Andrew Purves writes, “If Christianity remains the cult of the private, the community, or the institution, it sanctions civil religion and ratifies the religious sanctification of society as it is.”[1]

Or, to put it another way, we show up on Sunday, to give to God what is due. But the rest of the time, like Jesus said, we must give to Caesar what is Caesar’s.


At least, that is the message we want Jesus to give us. It is the message we want to hear, because it absolves us of the difficult part of our faith. But that is not what Jesus does.

“Sure, give to Caesar what is Caesar’s,” Jesus says to those who were listening so very closely to his words. He did not leave it there, though, “And give to God what is God’s.”

What bears God’s image?
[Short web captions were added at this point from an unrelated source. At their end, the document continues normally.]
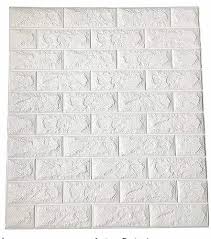 Pe Foam Self Adhesive Brick Design Wall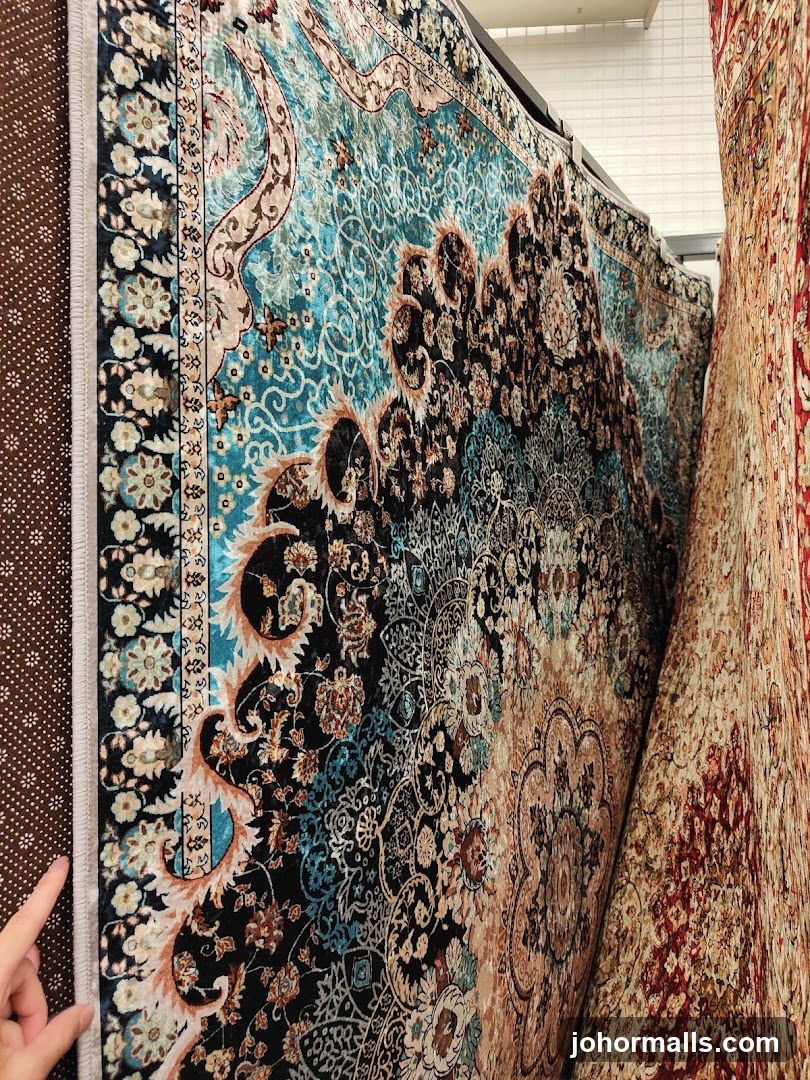 Rug Display in Store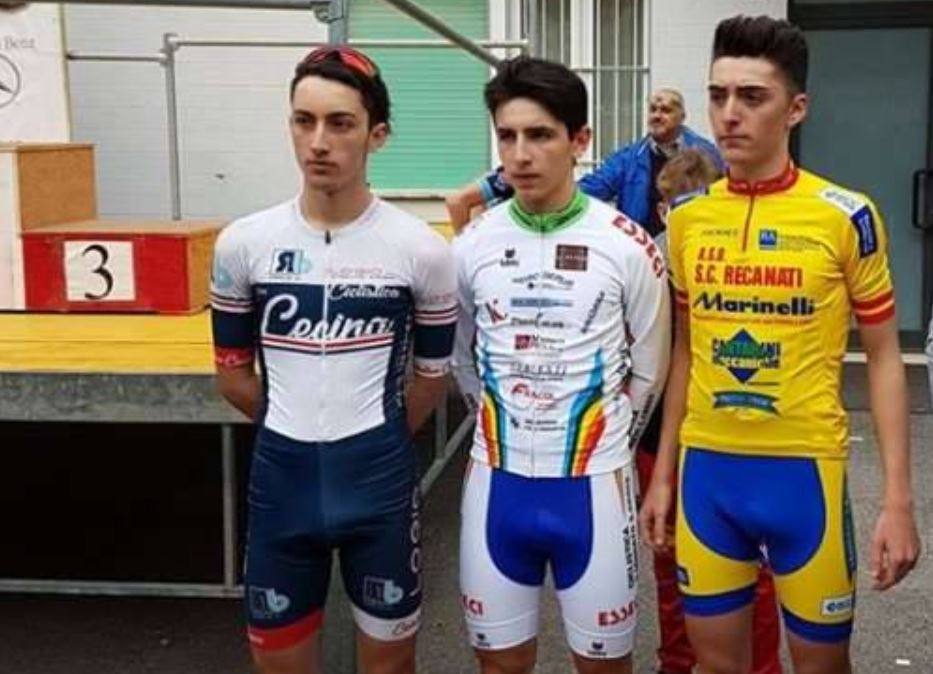Il podio della Piccola Amstel Gold Race di Foiano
The coin they held before him bore the likeness of Caesar on it, but certainly no coin bore an image of God—it would have been forbidden, a great heresy! Rather, the whole of creation bears God’s fingerprints, and nothing more so than you.

You, my friends, are made in the image of God. Each and everyone of you, in all your diversity and variety, bear the image of God, both individually and all together. Though Jesus’ words at first seem like an easy division in the spheres of our lives, though we really want to hear them as an easy division between our faith and everything else, his words are anything but.
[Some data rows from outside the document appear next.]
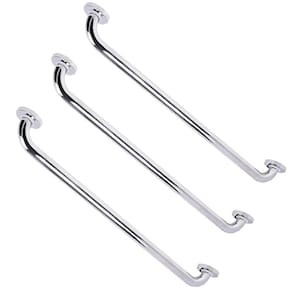 Alça Apoio 70 cm Barra Inox Kit 3 Uni Suporte Acessibilidade Gestante Idoso Criança Deficiente Banheiro Corrimao Box Casa Segurança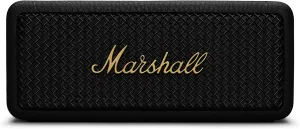 Certified Refurbished - Marshall - Emberton II BT Portable Speaker - Black & Brass
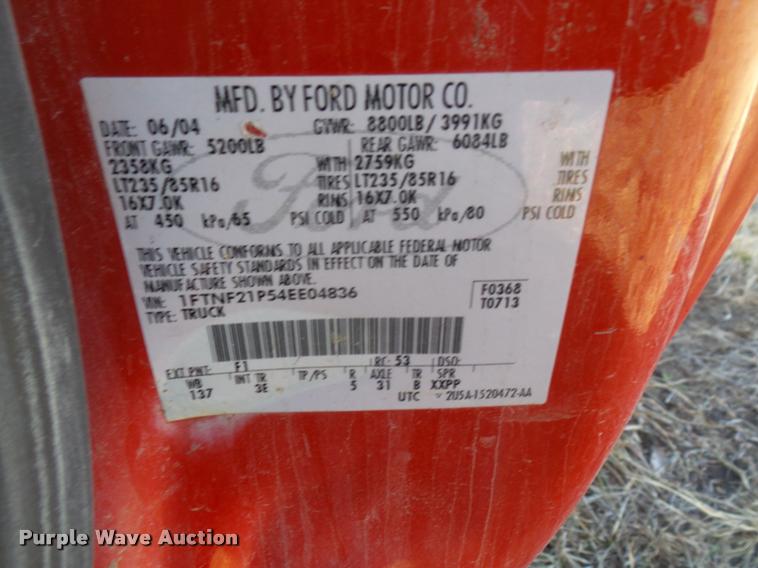 image for item DB2946 2004 Ford F250 Super Duty pickup truck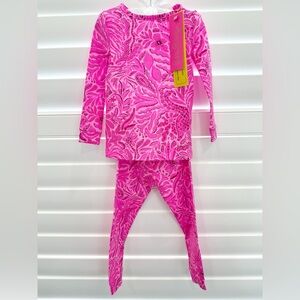 Lilly Pulitzer Vibrant Pink Patterned Sleepwear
Sure, give these coins to Caesar, but there is nothing that is not God’s, most of all you. And if you think that you do not, if you think that you could not possibly bear the divine image, then perhaps you have not looked hard enough.


This morning we are welcoming new members into our community of faith here at St. Faith’s. But what is the faith to which we welcome them? Is it a faith that is nice for Sunday mornings, but which has nothing to say about the rest of the week? Is it a faith that can only sanctify society as it is, in all its brokenness, because it does not believe it can do anything else?

Or is it something more? Is it a faith that reorients the wholeness of our lives? Is it something that changes us, transforms us, and in doing transforms the world around us? Is it a faith that brings the hope and Good News of the Gospel message to a world broken and without hope? Is it a faith that brings healing and wholeness to all of creation and for all who bear God’s image?

My friends, this is the faith to which Jesus calls us as his disciples! This is the faith to which we welcome our newest members this morning. This is the faith that leads us back here, our whole life long, so that we might be renewed and restored once again to carry it back into the world.

Preached by the Rev. Adam Yates

[1] Purves, Andrew. “Feast on the Word.” pp.1025.